* Available data:
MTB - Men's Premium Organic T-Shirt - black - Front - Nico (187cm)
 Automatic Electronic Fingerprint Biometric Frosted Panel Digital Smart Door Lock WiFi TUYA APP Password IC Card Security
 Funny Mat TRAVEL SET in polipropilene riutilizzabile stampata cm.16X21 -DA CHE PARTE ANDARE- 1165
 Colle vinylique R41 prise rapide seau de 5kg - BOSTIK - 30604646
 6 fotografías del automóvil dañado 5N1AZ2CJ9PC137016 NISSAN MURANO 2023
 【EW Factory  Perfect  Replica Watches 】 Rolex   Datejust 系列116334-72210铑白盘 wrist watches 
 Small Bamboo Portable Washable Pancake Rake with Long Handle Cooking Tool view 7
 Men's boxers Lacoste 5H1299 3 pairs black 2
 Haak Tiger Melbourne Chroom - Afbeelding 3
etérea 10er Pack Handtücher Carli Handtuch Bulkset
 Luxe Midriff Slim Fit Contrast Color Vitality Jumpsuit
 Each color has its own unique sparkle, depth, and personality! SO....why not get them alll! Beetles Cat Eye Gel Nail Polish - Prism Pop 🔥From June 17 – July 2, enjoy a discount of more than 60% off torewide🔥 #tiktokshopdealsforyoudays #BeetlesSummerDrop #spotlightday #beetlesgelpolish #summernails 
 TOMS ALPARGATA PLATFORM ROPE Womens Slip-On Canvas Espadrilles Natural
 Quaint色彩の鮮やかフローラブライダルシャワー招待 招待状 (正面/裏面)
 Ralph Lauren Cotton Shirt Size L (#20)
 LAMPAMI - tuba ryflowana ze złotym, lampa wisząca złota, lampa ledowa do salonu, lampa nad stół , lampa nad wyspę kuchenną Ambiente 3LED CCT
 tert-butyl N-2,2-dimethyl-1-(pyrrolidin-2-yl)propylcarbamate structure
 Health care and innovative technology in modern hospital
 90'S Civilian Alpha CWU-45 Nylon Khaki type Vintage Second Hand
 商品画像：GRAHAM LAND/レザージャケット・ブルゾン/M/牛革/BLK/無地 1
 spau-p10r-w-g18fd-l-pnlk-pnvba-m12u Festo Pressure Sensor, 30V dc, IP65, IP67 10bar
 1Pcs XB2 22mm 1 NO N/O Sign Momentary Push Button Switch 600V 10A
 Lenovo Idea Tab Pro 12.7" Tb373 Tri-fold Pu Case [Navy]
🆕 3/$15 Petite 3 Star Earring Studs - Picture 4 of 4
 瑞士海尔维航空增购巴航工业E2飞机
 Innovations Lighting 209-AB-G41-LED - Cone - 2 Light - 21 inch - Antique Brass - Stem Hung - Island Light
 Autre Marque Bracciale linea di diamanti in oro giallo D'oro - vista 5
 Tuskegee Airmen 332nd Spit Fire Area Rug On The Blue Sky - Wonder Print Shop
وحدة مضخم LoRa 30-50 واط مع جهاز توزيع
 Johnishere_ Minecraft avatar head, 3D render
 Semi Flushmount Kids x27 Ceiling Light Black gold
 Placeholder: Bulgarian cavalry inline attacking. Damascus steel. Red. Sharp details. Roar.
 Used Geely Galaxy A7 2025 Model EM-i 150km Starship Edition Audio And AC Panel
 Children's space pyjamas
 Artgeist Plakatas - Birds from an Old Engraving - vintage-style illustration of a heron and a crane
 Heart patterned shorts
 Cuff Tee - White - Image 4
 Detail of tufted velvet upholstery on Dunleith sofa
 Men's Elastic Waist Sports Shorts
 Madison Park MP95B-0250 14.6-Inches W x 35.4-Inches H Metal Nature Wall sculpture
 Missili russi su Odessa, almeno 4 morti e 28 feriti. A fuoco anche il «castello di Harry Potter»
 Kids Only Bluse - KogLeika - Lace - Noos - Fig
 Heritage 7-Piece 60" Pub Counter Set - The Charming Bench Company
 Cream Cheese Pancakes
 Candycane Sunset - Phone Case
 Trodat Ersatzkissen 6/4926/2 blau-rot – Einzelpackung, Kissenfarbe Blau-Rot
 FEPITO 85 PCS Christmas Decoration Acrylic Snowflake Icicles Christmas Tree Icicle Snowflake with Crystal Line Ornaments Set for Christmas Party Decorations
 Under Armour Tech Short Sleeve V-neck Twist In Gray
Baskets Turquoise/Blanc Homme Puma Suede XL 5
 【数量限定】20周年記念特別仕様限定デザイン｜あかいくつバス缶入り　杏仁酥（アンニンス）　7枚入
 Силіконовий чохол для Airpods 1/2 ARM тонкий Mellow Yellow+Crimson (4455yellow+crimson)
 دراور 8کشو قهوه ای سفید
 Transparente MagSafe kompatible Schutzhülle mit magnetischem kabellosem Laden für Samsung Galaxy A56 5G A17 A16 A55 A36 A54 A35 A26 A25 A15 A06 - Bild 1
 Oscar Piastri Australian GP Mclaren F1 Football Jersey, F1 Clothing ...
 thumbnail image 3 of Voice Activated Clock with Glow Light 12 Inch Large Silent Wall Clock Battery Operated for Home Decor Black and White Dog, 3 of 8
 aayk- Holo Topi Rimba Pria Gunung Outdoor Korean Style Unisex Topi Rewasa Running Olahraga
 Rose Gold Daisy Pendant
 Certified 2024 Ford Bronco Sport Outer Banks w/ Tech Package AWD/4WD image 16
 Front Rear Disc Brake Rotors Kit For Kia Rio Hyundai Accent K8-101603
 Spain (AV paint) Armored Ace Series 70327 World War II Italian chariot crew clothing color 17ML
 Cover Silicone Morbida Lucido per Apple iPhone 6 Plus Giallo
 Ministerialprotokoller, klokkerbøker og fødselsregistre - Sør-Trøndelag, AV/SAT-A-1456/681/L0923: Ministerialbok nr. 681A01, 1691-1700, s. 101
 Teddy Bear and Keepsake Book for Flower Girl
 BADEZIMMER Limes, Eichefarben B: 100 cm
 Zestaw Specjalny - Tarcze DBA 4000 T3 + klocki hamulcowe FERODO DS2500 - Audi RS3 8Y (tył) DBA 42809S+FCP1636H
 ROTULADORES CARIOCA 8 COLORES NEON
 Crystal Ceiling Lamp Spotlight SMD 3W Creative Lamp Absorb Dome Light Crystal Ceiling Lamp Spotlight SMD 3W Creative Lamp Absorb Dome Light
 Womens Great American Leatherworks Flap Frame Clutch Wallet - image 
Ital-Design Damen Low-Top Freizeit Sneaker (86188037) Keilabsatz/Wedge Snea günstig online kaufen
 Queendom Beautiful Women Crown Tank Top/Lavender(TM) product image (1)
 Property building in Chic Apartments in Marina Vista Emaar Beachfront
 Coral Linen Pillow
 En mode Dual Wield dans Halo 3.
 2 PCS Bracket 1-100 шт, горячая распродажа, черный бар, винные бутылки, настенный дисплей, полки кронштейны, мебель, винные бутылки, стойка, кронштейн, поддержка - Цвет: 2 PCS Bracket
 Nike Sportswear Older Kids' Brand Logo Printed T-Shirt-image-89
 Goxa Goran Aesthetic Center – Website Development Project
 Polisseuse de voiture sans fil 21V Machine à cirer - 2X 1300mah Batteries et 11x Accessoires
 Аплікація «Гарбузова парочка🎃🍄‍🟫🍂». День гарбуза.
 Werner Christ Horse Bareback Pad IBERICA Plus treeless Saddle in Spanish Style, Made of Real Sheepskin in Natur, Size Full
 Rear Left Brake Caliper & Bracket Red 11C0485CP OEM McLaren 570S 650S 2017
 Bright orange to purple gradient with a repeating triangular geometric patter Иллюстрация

* Task details: In the listing above, the lines from the one containing "Силіконовий чохол для" through the one containing "Oscar Piastri Australian" must be set down exactly, with no other lines.

* Expected answer:
 Силіконовий чохол для Airpods 1/2 ARM тонкий Mellow Yellow+Crimson (4455yellow+crimson)
 دراور 8کشو قهوه ای سفید
 Transparente MagSafe kompatible Schutzhülle mit magnetischem kabellosem Laden für Samsung Galaxy A56 5G A17 A16 A55 A36 A54 A35 A26 A25 A15 A06 - Bild 1
 Oscar Piastri Australian GP Mclaren F1 Football Jersey, F1 Clothing ...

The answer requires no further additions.